Come in Cecità di Saramago, la cecità improvvisa ci ha colpiti cancellando ogni pietà proiettandoci nella barbarie, scatenando un brutale istinto di sopravvivenza in grado di patologizzare i nostri modi di vita e la stessa convivenza sociale. Non so se un giorno realizzeremo fino in fondo quanto male è stato causato nella società italiana, e non solo nella nostra ma da noi di più per una lunga e consolidata tradizione di contradaioli, non tanto dal Covid – malattia insidiosa e strisciante, certo, ma che un giorno sconfiggeremo come si è fatto con tutte le altre perché ce lo insegna la storia delle epidemie: uomo e virus convivono storicamente in una lunga lotta che la scienza ha ridotto col tempo – ma da tutta la gestione politico-sanitaria del Covid stesso e da come noi vi abbiamo aderito. Capiremo mai dove siamo finiti e il buio della ragione che ci ha presi? In quale tunnel siamo rintanati? Come ci siamo piegati supinamente al male diventando tristi aguzzini di noi stessi per riprendere un pensiero di Walter Benjamin? Non mi sembra a dire il vero.
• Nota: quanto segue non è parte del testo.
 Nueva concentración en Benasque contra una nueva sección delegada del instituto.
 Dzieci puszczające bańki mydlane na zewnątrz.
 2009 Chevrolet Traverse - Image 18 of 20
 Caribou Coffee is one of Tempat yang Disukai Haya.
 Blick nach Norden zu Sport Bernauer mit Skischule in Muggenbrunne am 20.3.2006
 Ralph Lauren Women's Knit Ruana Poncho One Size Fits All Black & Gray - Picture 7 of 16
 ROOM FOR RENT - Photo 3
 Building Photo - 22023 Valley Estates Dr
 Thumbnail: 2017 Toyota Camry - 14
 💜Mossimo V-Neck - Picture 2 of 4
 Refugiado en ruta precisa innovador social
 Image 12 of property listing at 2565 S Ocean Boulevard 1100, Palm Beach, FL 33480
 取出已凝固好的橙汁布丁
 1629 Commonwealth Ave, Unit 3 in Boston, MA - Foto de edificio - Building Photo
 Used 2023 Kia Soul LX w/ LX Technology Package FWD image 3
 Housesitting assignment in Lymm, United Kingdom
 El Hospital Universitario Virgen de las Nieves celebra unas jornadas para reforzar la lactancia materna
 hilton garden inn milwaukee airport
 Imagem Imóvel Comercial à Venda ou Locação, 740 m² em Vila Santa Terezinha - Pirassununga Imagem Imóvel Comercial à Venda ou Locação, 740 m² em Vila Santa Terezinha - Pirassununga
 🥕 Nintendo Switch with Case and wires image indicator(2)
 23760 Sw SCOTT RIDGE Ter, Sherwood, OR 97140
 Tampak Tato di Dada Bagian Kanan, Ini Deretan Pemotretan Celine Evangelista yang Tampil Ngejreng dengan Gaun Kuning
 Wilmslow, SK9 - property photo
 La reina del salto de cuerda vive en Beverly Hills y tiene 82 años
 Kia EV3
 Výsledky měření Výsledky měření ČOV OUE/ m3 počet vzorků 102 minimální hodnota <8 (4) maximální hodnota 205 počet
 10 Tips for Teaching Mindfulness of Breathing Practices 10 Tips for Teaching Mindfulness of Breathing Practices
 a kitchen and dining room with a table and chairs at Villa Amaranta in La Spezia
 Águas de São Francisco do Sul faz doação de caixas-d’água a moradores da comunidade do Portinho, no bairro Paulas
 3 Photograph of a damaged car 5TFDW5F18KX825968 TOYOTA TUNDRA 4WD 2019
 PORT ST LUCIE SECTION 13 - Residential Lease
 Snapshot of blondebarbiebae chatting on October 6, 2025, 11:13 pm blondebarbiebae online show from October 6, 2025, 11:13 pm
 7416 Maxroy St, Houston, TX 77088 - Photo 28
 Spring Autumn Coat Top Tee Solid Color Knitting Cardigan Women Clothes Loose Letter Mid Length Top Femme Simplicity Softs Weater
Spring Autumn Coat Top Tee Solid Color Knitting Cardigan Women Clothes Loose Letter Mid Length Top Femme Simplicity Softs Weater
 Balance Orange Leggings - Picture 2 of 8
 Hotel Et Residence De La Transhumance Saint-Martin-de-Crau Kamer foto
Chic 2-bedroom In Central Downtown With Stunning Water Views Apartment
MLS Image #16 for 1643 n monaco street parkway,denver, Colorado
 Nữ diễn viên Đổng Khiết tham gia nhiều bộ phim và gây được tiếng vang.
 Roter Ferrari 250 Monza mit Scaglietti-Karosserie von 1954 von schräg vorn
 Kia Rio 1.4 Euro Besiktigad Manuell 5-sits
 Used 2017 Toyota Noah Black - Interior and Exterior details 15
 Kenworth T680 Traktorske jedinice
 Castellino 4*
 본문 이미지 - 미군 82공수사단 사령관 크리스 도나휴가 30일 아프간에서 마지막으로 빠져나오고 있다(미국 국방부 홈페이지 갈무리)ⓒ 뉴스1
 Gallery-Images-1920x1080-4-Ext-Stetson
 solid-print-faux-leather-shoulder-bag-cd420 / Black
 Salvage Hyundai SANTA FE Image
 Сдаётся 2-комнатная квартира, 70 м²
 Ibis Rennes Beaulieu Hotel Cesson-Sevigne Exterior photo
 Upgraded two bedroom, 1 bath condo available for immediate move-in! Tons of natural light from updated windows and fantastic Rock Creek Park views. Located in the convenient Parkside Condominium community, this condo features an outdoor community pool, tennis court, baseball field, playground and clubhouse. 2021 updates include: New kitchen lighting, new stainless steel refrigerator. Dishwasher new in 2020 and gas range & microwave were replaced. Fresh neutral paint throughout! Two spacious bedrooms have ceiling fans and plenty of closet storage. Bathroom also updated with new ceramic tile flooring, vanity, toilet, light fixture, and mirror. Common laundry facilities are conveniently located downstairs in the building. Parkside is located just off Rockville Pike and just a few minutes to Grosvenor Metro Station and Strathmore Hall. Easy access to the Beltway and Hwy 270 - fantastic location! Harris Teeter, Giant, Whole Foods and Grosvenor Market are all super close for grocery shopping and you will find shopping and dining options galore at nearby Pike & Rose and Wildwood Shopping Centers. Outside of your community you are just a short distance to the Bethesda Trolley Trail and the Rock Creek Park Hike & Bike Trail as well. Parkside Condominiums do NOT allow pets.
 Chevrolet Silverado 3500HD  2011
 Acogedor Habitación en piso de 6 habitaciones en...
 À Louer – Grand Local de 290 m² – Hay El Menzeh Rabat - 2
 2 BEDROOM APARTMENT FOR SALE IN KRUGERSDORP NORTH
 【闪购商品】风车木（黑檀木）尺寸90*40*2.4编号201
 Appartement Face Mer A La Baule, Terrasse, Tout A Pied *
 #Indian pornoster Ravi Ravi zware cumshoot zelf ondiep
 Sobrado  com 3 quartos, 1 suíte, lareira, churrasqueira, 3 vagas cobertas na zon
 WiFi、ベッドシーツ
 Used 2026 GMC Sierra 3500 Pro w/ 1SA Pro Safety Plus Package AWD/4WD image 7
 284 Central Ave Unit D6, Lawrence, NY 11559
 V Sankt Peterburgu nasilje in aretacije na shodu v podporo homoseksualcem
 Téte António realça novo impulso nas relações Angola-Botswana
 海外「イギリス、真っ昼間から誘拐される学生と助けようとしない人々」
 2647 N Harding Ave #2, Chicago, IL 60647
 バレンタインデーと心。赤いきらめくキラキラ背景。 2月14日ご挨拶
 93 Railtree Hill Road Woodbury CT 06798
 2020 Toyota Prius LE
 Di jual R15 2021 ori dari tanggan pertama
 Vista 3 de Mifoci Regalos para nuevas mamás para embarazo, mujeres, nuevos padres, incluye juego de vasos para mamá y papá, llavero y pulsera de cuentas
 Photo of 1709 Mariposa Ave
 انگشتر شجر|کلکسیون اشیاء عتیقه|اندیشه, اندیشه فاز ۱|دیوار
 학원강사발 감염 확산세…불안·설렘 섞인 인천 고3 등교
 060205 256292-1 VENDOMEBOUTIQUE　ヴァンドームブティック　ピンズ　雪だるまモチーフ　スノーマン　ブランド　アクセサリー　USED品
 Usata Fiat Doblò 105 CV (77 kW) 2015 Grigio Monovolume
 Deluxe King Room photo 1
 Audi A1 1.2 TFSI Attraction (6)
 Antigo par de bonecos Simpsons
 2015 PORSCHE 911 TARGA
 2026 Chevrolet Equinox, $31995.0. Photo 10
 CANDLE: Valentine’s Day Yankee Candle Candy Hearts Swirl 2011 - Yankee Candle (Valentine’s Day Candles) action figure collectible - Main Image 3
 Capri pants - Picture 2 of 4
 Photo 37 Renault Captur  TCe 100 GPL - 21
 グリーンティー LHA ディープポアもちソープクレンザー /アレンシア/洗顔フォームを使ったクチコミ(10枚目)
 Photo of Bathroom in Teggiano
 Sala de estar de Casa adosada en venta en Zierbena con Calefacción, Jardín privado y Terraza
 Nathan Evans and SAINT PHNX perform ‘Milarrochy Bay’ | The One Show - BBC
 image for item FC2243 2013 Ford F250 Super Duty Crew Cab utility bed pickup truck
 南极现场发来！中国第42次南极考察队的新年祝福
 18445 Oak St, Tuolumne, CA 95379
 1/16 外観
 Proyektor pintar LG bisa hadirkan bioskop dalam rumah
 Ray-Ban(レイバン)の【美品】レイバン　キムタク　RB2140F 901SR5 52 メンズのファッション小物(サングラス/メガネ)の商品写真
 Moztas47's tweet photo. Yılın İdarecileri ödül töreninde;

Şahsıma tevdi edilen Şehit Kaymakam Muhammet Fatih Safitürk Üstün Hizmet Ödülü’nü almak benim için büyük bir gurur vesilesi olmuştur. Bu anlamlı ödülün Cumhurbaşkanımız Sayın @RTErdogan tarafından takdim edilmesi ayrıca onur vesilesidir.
Non so quanto abbiamo capito di tutto questo fango umano, del fascismo profondo che c’è in tutta questa lurida faccenda, quanta facile frustrazione decisa a tramutarsi in odio e prevaricazione soddisfatta di sé sia stata portata in superficie da tutta questa vicenda orribile e che noi abbiamo reso orribile a noi stessi. Non so bene come definirla. Bisognerebbe ricordare tutto al momento opportuno, a cose finite, quando forse torneremo alla quotidianità e guarderemo le cose con altri occhi. Forse. Ma non sarà più la stessa libertà temo. E noi non saremo uomini migliori anche quando arriverà il nostro turno e “la paura ci farà abbassare immediatamente gli occhi” perché “città sarà ancora lì”.
Io faccio mente locale di non dimenticarlo.